_What to do:_ Skip any image you find and restate the rest of the data word for word.

_Dataset section:_

- - - - -

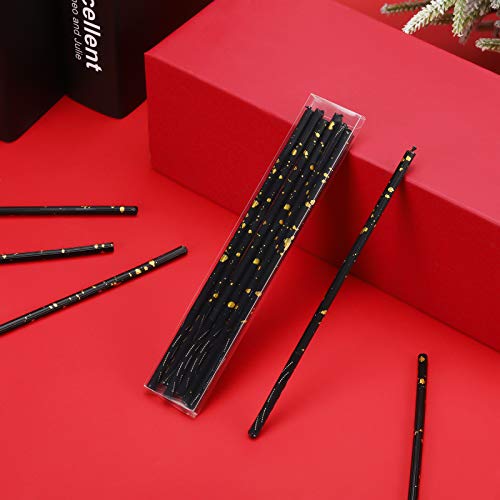 Nuanchu 12 Pieces Birthday Cake Candles Long Thin Holiday Candle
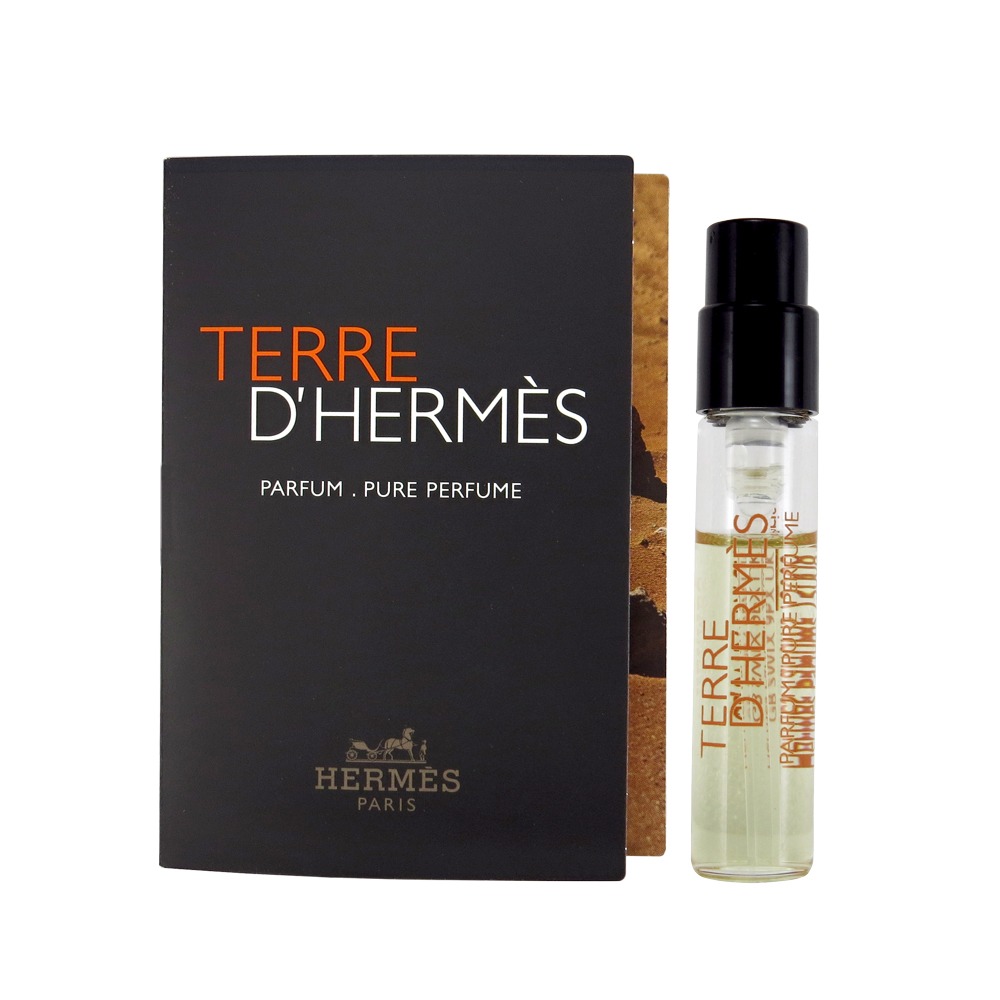 【Yuu beauty】Hermès 愛馬仕 Terre d’Hermès Parfum 大地男性香精 試管裝 2ml-規格圖1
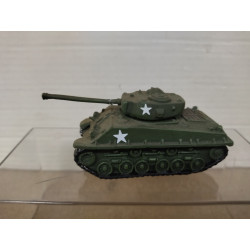 M4 A2 SHERMAN TANK USA WW 2 1:87 H0 NO BOX METAL DIECAST SUCIO/DESGUACE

- - - - -

_Problem solution:_
 Nuanchu 12 Pieces Birthday Cake Candles Long Thin Holiday Candle
 【Yuu beauty】Hermès 愛馬仕 Terre d’Hermès Parfum 大地男性香精 試管裝 2ml-規格圖1
 M4 A2 SHERMAN TANK USA WW 2 1:87 H0 NO BOX METAL DIECAST SUCIO/DESGUACE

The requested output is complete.